### DIRECTIONS FOR THIS TASK
For the material below, return exactly the lines starting at the line containing "Timeless Rock Scream" and ending at the line containing "The club's ticket", both ends included, and no others.

### INFORMATION PROVIDED

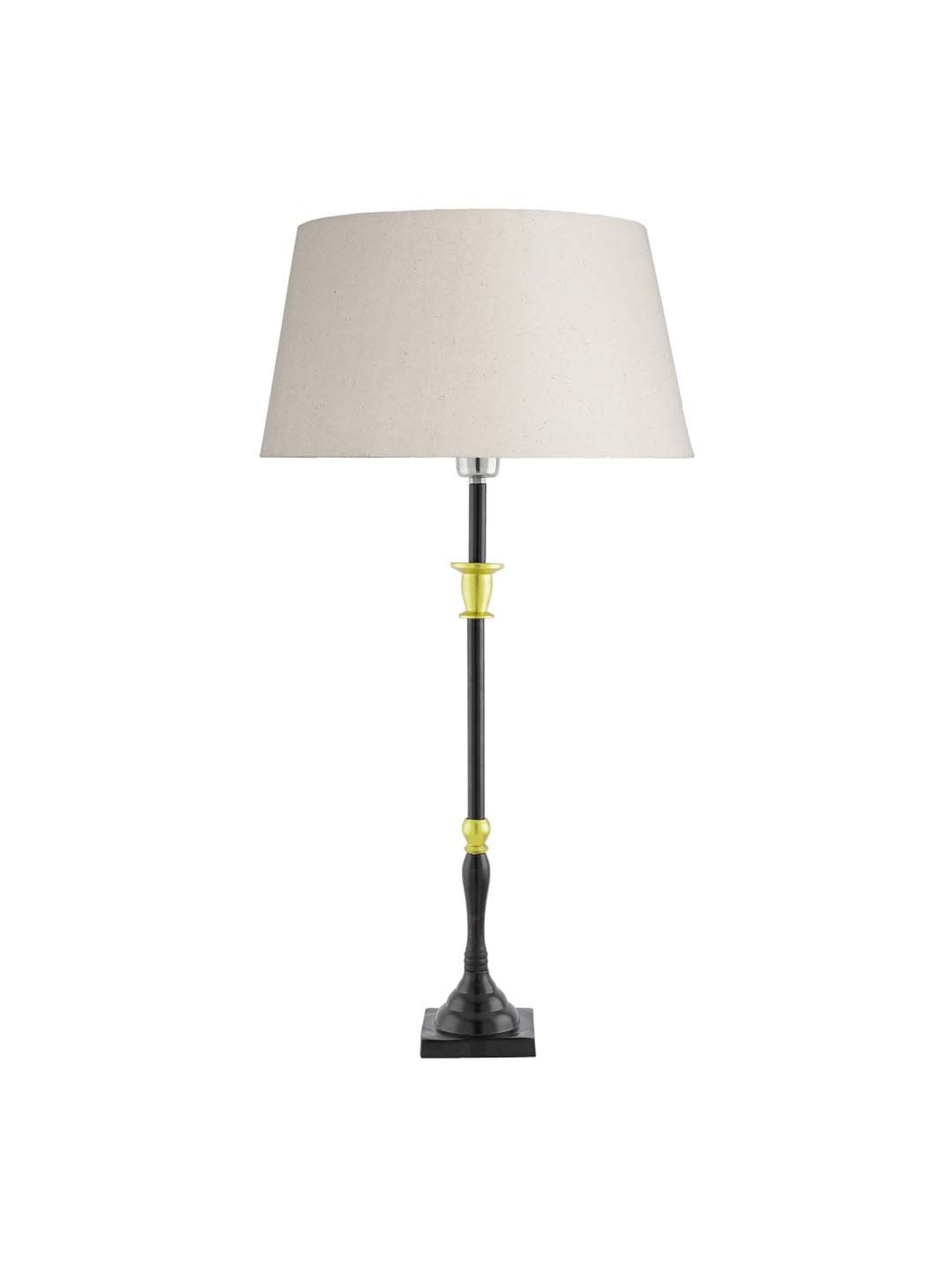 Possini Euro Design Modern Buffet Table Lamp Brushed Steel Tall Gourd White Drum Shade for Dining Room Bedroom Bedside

==

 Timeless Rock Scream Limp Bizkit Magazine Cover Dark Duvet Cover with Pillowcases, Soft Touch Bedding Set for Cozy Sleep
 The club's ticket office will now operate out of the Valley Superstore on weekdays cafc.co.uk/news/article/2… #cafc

--

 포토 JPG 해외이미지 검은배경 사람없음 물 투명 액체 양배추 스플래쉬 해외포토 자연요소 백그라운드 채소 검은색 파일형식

### WRITTEN SOLUTION
 Timeless Rock Scream Limp Bizkit Magazine Cover Dark Duvet Cover with Pillowcases, Soft Touch Bedding Set for Cozy Sleep
 The club's ticket office will now operate out of the Valley Superstore on weekdays cafc.co.uk/news/article/2… #cafc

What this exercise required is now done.